Vehicle registration plates incorporating the number 39 are seen as so undesirable that vehicles bearing the numerals are said to be virtually unsellable in the capital, Kabul. The drivers of such vehicles have reported receiving abuse, derision, and other unwanted attention from pedestrians and other drivers, and some have had their registration plates altered to disguise the numbers. The issue caused particular problems in Kabul after the Persian New Year of March 2011, when the government started to issue registration plates beginning with 39. Despite the threat of penalties, many drivers refused to register their cars while the number 39 still appeared on them. Drivers with license plates containing the digit 39 have reported receiving nicknames such as "Colonel 39". Cellphone owners have encountered similar problems, forcing them to hide their caller ID or switch their numbers altogether. Some 39-year-old Afghans refer to themselves as being "one less than 40" or "one year to 40" (Pashto: یک کم چهل, romanized: yak kam chehl).
During the 2010 Afghan parliamentary election; two people were killed when the guards of the candidate Mullah Tarakhil opened fire on civilians after a traffic accident, said to have been in reaction to people taunting the Tarakhil because he was listed 39th on the ballot.
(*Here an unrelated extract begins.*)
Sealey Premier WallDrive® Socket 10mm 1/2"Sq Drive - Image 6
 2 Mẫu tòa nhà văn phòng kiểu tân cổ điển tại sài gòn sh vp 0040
Afghan government officials and numerologists have tried to scotch the claims about 39, though with little success. General Assadullah, the head of the traffic department in Kabul, described the problem as "nonsense" as 39 is "just a number". He noted that there is no religious prohibition against the number and his department has sought to reassure the public by noting where Muslims can find the number 39 in the Quran and even publishing a formula by which the number can be derived from the name "Allah".
Sediq Afghan, a famous numerologist, has likewise complained that people "only see the negative side" of the number and has called it "a sickness for Afghans". He told television viewers that associating the number with pimps "is a sin because 57 Suras from our Quran contain the number 39." The popular television satire show Danger Bell highlighted the issue but only succeeded in publicising it even further.
Some car dealers have been able to profit from it, as the problem exists mainly in Kabul; one dealer told The Wall Street Journal that he "could knock several thousand dollars off the purchase price of a car in Kabul with 39 on its plate and then turn around to sell it for a profit in the surrounding provinces."
Owners of vehicles with "39" on their registration plates have sought to fix the problem themselves. Many have "edited" their own plates by painting or taping over the offending digits or altering them to make the number 3 look like an 8, or even covering over the entire plate. One driver told NPR: "I have no choice but to drive this car since I earn my living working here. But I have to cover the 39 plates with a blue sheet. I do this to protect the dignity of this organization and also of myself."